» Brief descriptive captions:
>>>>>
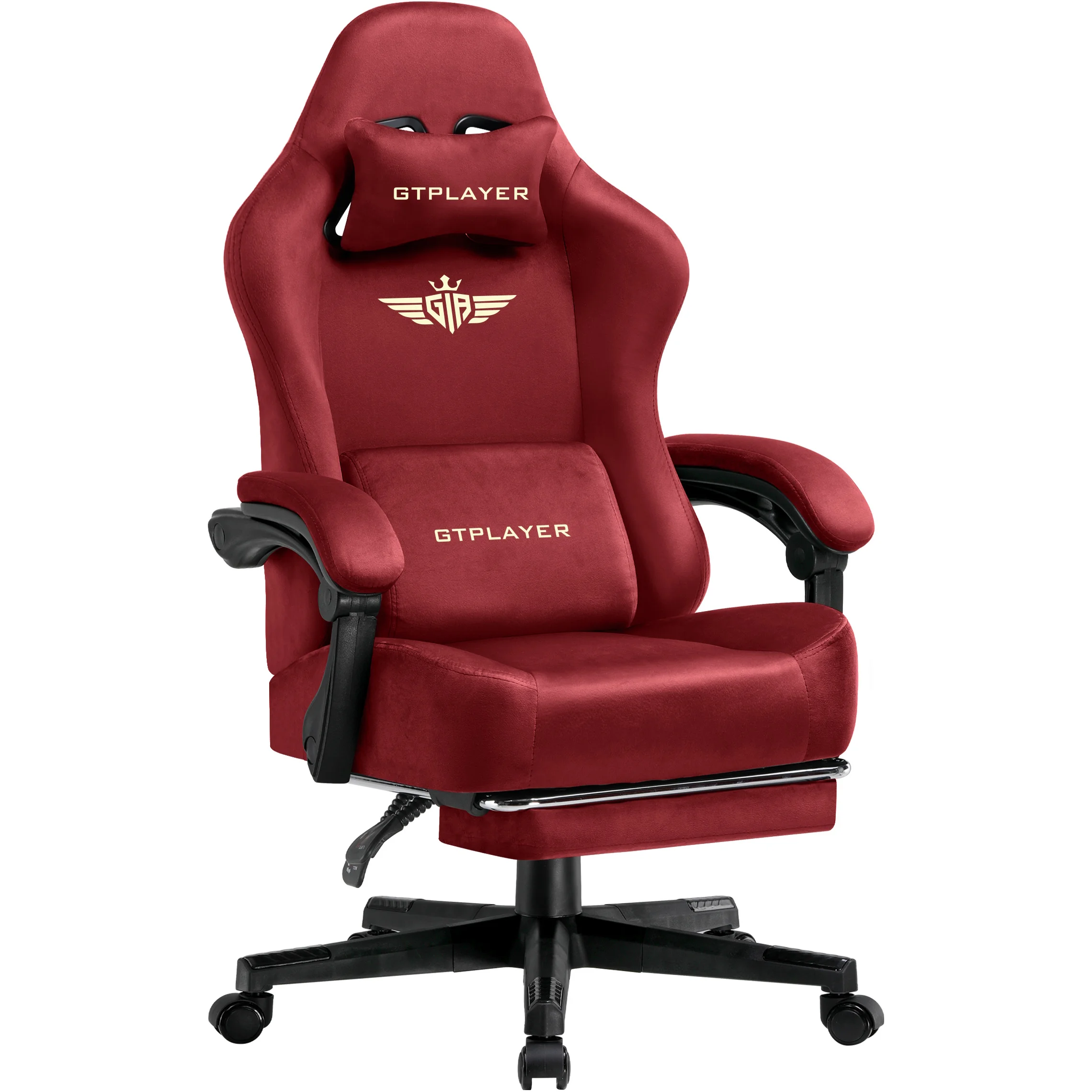 GTPLAYER Fabric Gaming Chair, Ergonomic Computer Chair with Footrest and Lumbar Support Height Adjustable Home Office Chair image 3
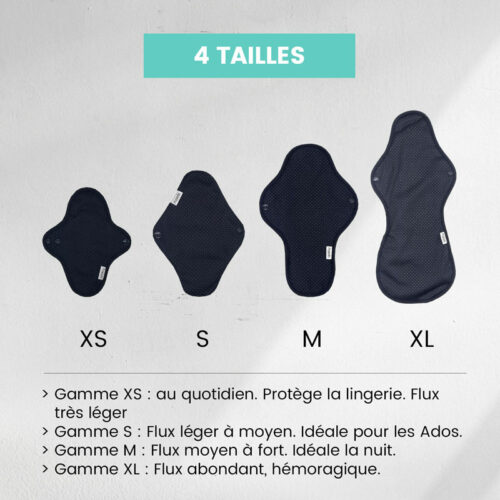 3 serviettes hygiéniques lavables en coton terry BIO (Gamme s) – Coloris au choix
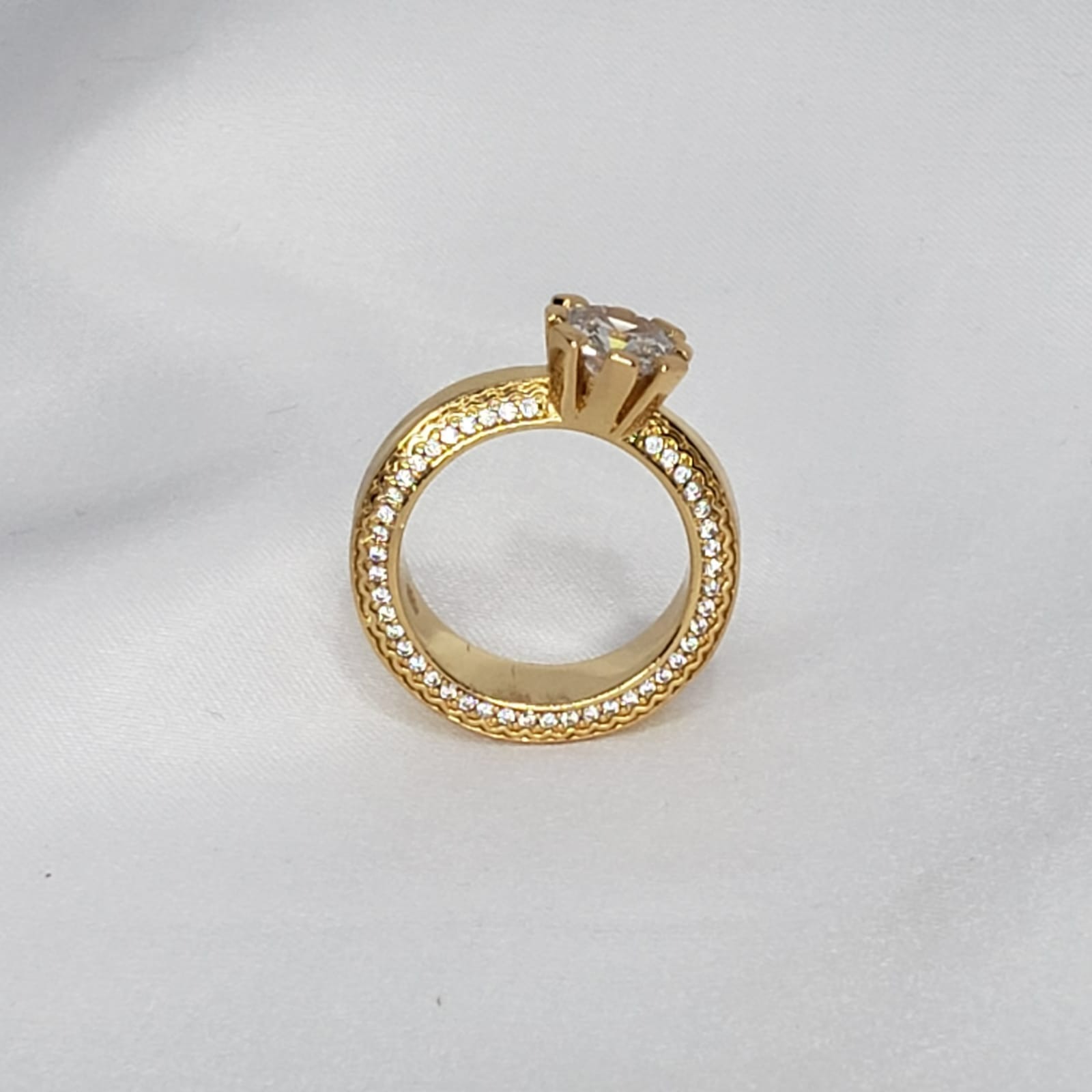 Anel Elaine Palma Aliança Solitário Cravejada Folheado Ouro 18k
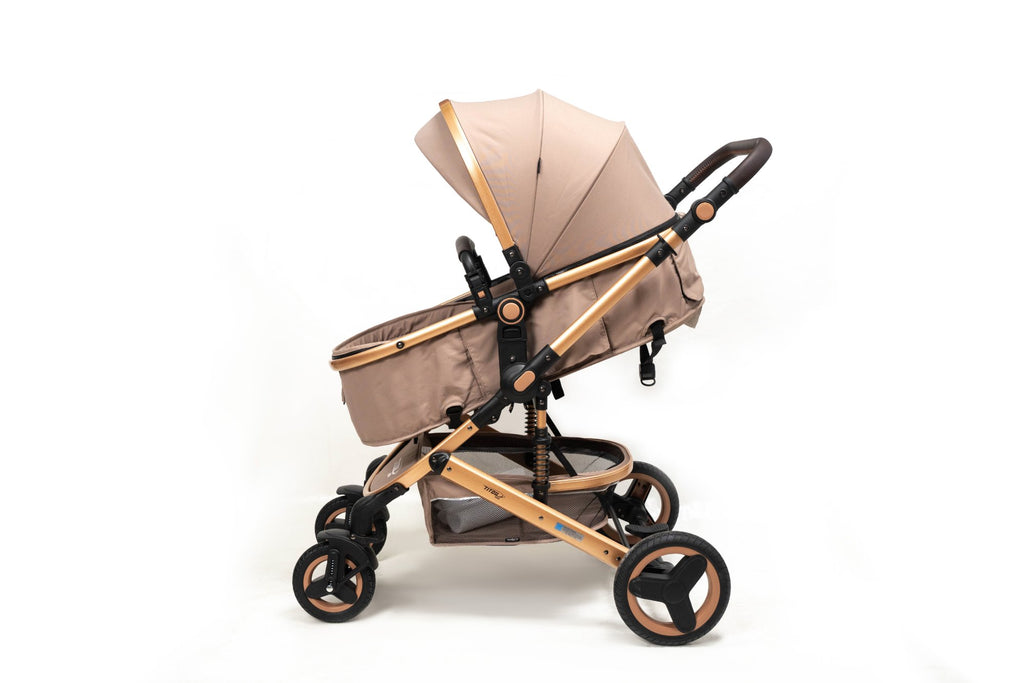 Poussette Titou Kids 2 en 1 — Nacelle réversible, châssis aluminium - Marron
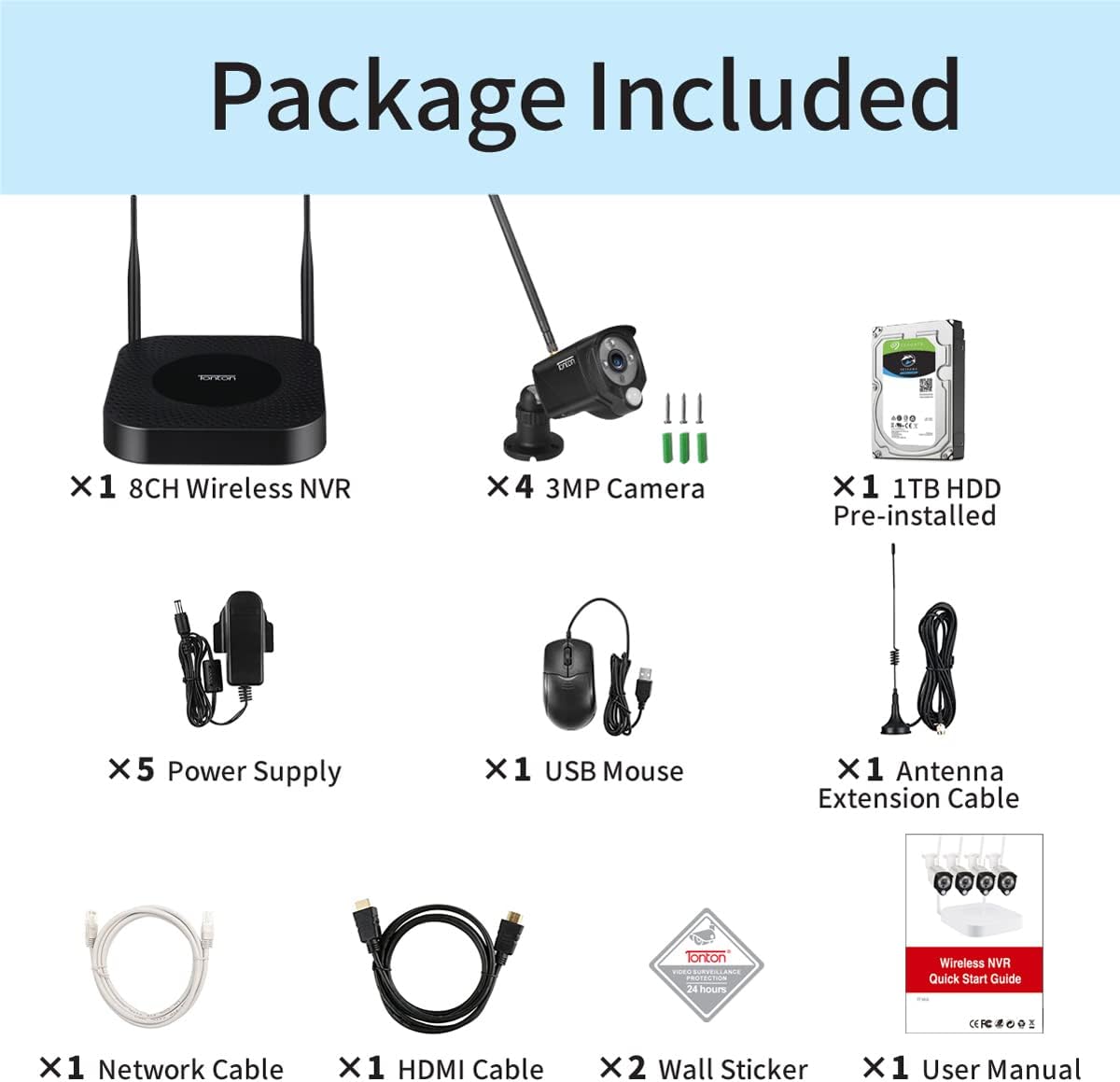 Wireless Security Camera System with 8CH NVR and 4 3MP Outdoor Bullet Cameras V120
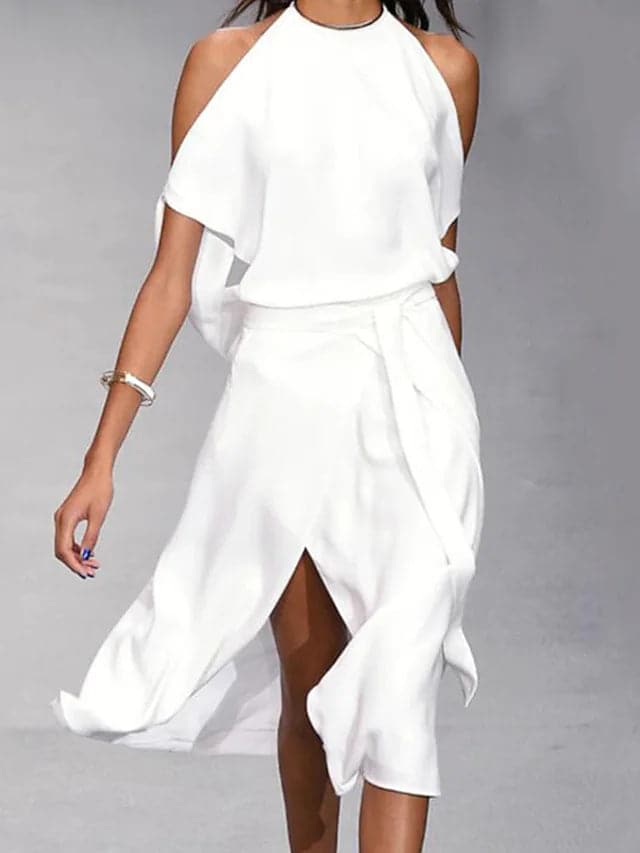 Feminin-elegantes Damen Midikleid mit Cold-Shoulder Schnitt, fließend und vielseitig als Sommer- oder Partykleid. Mit stilvollen offenen Schultern.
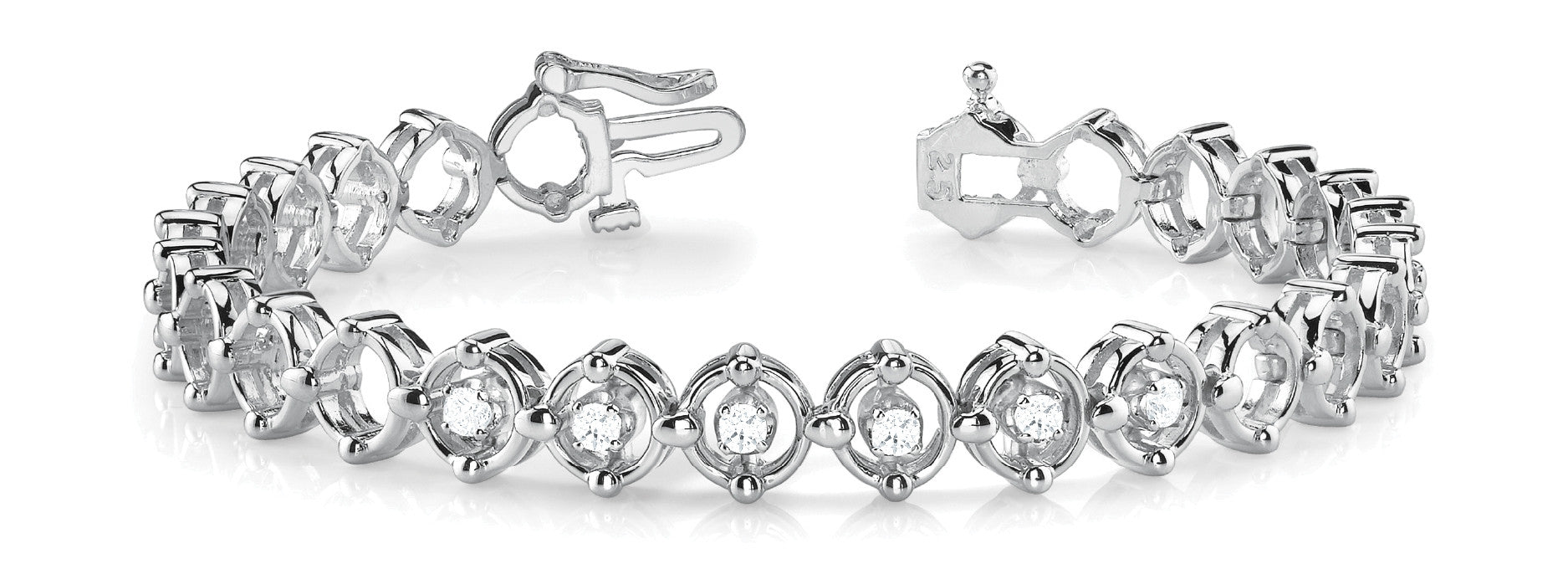 White gold Round Cut Diamond Tennis Bracelet with Bezel Setting and Link Band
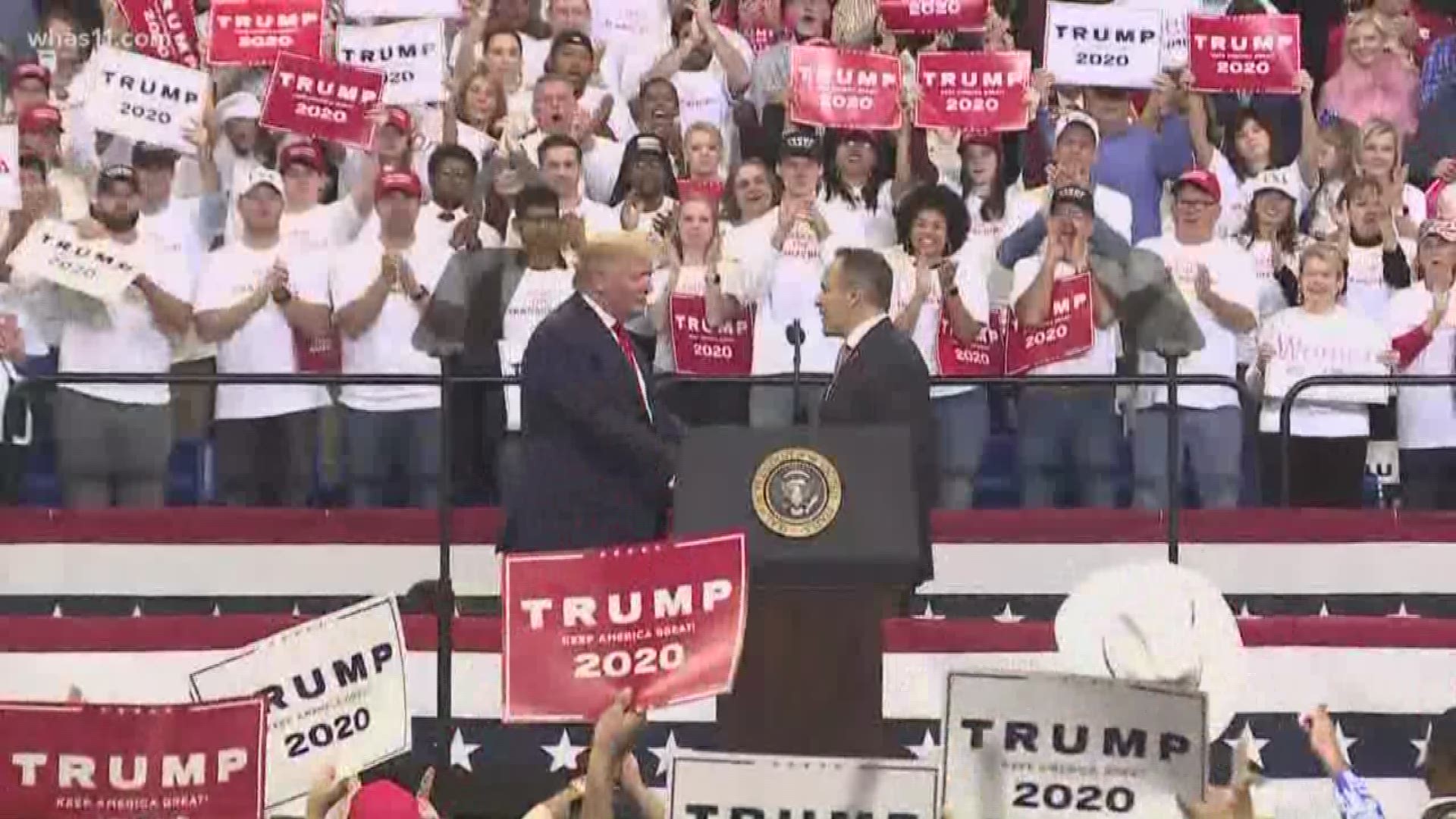 President Donald Trump hosted a rally featuring Kentucky political figures the evening before Election Day.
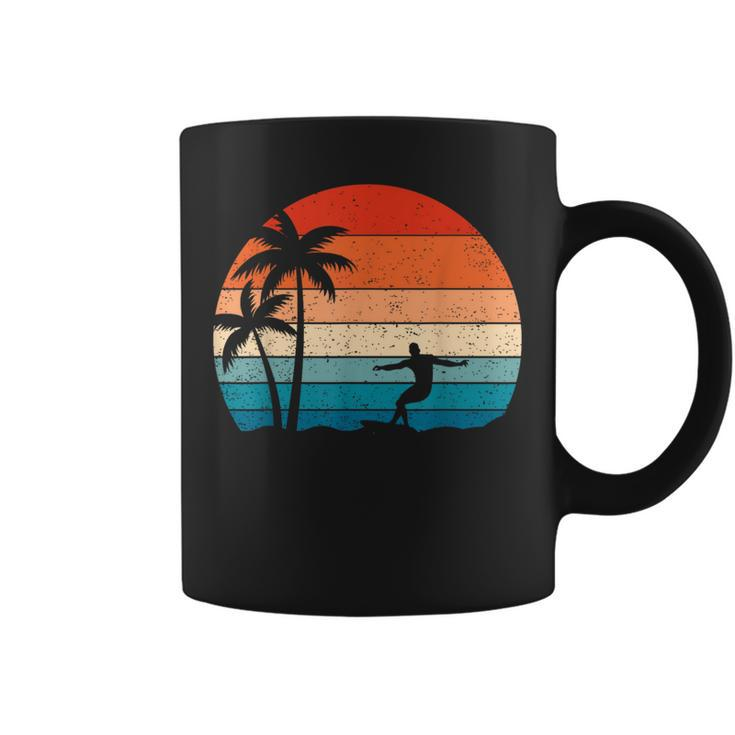 Vintage Sunset Palm Surfer Retro Surfing Beach Surf Coffee Mug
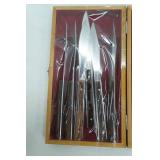 Wooden Tray 10.5"x12.5"x2.75" and Stainless Steel Japan Knife Set in Wood Box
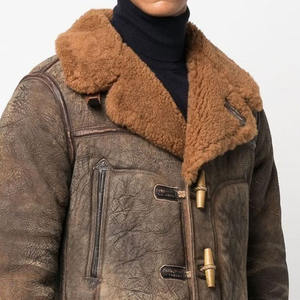 Veste de camionneur vintage en daim pour homme avec un nouveau style de chemise en cuir d'agneau sur le devant - Product Image 2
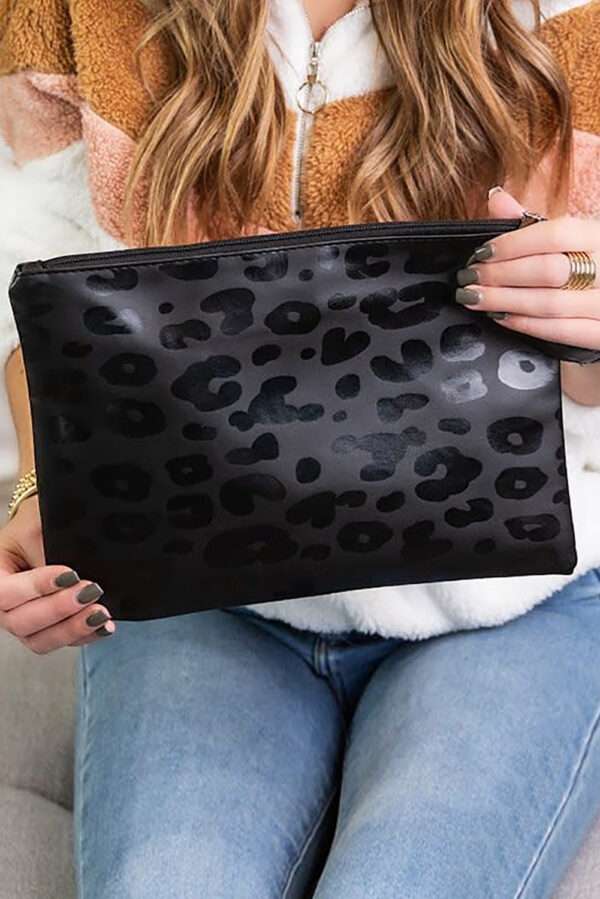 Black Leopard Zipper PU Leather Handbag - Image 2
<<<<<
» Instructions to follow:
Repeat, word for word, each of the records, omitting any image they hold.

» Answer for the task:
 GTPLAYER Fabric Gaming Chair, Ergonomic Computer Chair with Footrest and Lumbar Support Height Adjustable Home Office Chair image 3
 3 serviettes hygiéniques lavables en coton terry BIO (Gamme s) – Coloris au choix
 Anel Elaine Palma Aliança Solitário Cravejada Folheado Ouro 18k
 Poussette Titou Kids 2 en 1 — Nacelle réversible, châssis aluminium - Marron
 Wireless Security Camera System with 8CH NVR and 4 3MP Outdoor Bullet Cameras V120
 Feminin-elegantes Damen Midikleid mit Cold-Shoulder Schnitt, fließend und vielseitig als Sommer- oder Partykleid. Mit stilvollen offenen Schultern.
 White gold Round Cut Diamond Tennis Bracelet with Bezel Setting and Link Band
 President Donald Trump hosted a rally featuring Kentucky political figures the evening before Election Day.
 Vintage Sunset Palm Surfer Retro Surfing Beach Surf Coffee Mug
 Wooden Tray 10.5"x12.5"x2.75" and Stainless Steel Japan Knife Set in Wood Box
 Veste de camionneur vintage en daim pour homme avec un nouveau style de chemise en cuir d'agneau sur le devant - Product Image 2
 Black Leopard Zipper PU Leather Handbag - Image 2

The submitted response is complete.